A Quick Guide to Elasticsearch with Spring Data and Spring Boot

A Quick Guide to Elasticsearch with Spring Data and Spring Boot

You’ve probably heard of Elasticsearch or the Elastic Stack. The project started as a search engine based on Lucene, an open-source search engine library built by Shay Banon to index his wife’s cooking recipes. Since its early days, Elasticsearch has come a long way and has evolved into the Elastic Stack, a great suite for taking data from any source, in order to search, analyze, and visualize it in near real-time.

Elasticsearch is a distributed document store; data is serialized as JSON documents and stored in a distributed way across cluster nodes. The inverted index is a data structure that lists every unique word that appears in any document, and also lists the documents in which each word appears. This enables fast full-text searches, a feature not supported or only partially supported by database engines. The index is a collection of documents and each document is a collection of fields. In turn, each field can be indexed in an optimal data structure; for example, an inverted index for text fields, but a BKD tree for a numeric field.

How can be Elasticsearch integrated into a Spring Boot application? What are the options for adding Elasticsearch to a Java app? This post will give you a quick introduction to Elasticsearch integration options.

This tutorial was created with the following frameworks and tools:

Table of Contents

Elasticsearch integration options for Spring Boot

For Java applications including Spring Boot applications, Elasticsearch provides the following clients for integration:

  • Java Transport Client: Deprecated in Elasticsearch 7.0.0. Provides a client object to execute all operations asynchronously, accepting a listener or returning a future.

  • Java REST Client: Composed of the Low Level REST Client and the High Level REST Client.
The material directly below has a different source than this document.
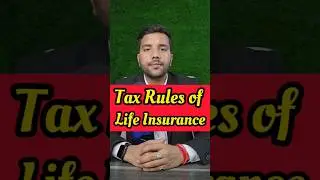 Tax Rules of Life Insurance #tax #taxdeductedatsource #insurance #lifeinsurance #rule #casumitsharma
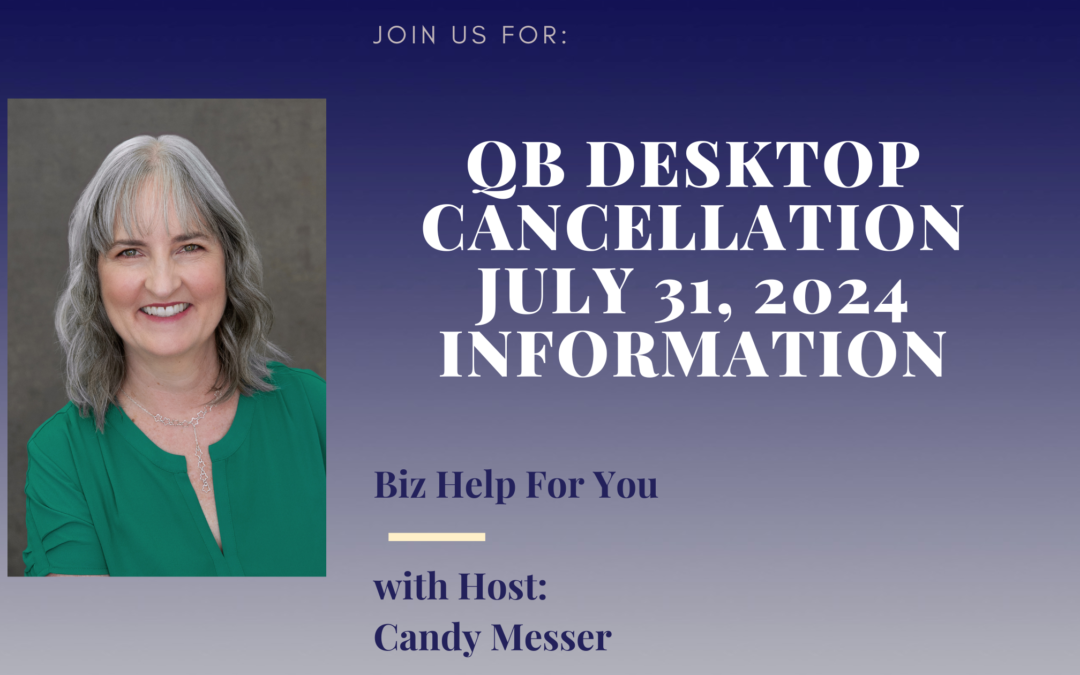 QB Desktop Cancellation July 31, 2024 Information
The Low Level Client provides load balancing, failover, persistent connections, and request/response trace logging. The High Level Client works on top of the Low Level Client and is the replacement for the TransportClient. It depends on the Elasticsearch core and provides synchronous and asynchronous APIs.
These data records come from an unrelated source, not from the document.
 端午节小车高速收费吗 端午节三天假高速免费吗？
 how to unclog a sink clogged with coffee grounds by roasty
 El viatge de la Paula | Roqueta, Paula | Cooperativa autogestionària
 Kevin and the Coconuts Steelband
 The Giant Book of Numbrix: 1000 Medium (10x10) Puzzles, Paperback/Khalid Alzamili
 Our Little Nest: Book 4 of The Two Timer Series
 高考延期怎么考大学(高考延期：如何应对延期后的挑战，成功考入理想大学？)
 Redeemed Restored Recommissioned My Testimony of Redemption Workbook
  • Java API Client: The new client library, independent of Elasticsearch core, provides strongly typed requests and responses, blocking and asynchronous versions for all APIs, fluent builders and functional patterns, as well as jackson and JSON-b support.
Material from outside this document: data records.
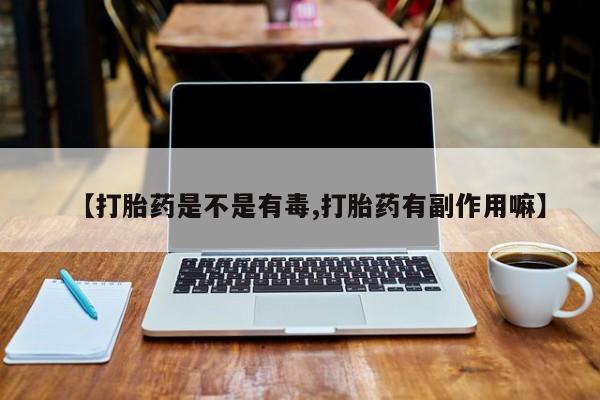 堕胎药怎么买【打胎药是不是有毒,打胎药有副作用嘛】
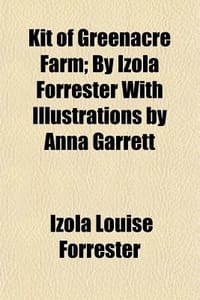 Kit of Greenacre Farm; By Izola Forrester with Illustrations by Anna Garrett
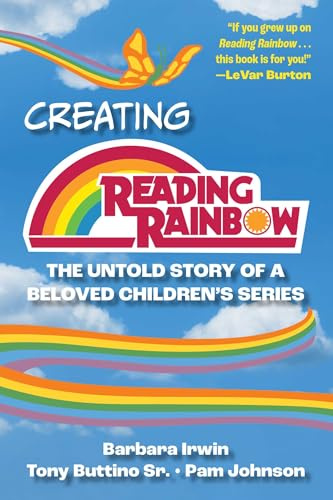 Creating Reading Rainbow: The Untold Story of a Beloved Children's Series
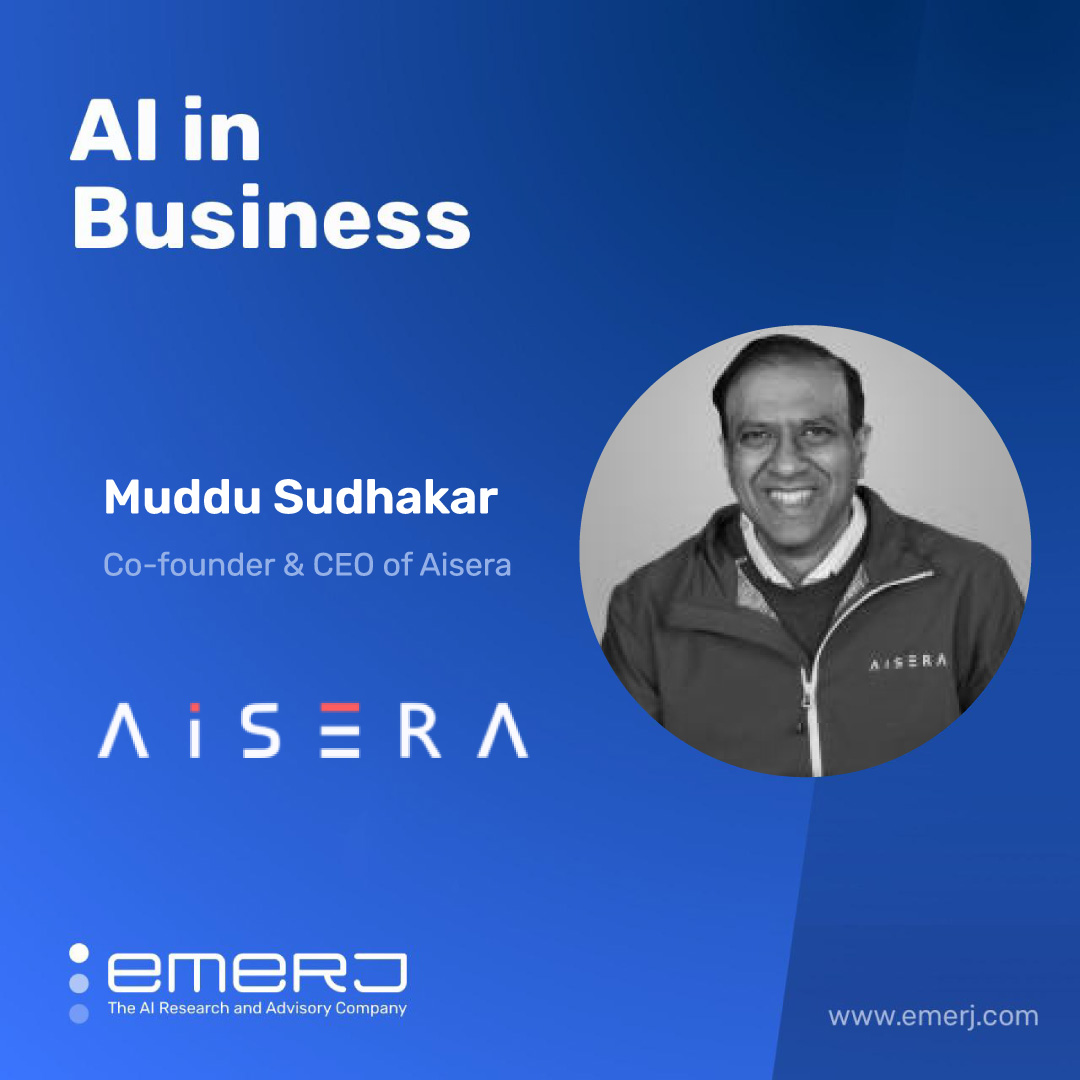 Automation Across the Business through Conversational AI - with Muddu Sudhakar of Aisera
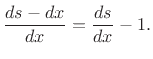 $\displaystyle \frac{ds - dx}{dx} = \frac{ds}{dx} - 1.
$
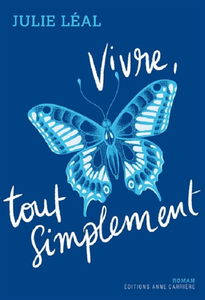 Vivre, tout simplement
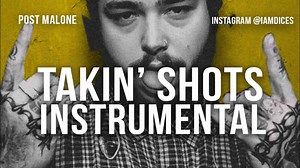 Post Malone "Takin' Shots" Instrumental Prod. by Dices *FREE DL*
Hello Spring Data Elasticsearch!

Spring Data Elasticsearch is another integration option that adds the Spring repository abstraction at the search layer, providing access and search functionality for domain objects stored in Elasticsearch. Operations are sent through a client connected to the Elasticsearch node. With Spring Data, the High Level REST Client is the default client, although Elasticsearch documentation states that it’s been deprecated in favor of the Java API Client since version 7.15. The Java API Client is not listed as a supported client yet. In the meantime, the Java Transport Client is still supported in Spring Data, but the general recommendation is to use the High Level Client.

Instead of calling the Elasticsearch APIs directly, the repository and REST template abstractions provide a simplified interface for document operations, encapsulating API request/response processing, and exposing a query interface that has multiple implementations for different levels of query complexity. Through the starter dependency, it can also handle client autoconfiguration and automatic document index mapping for simple use cases.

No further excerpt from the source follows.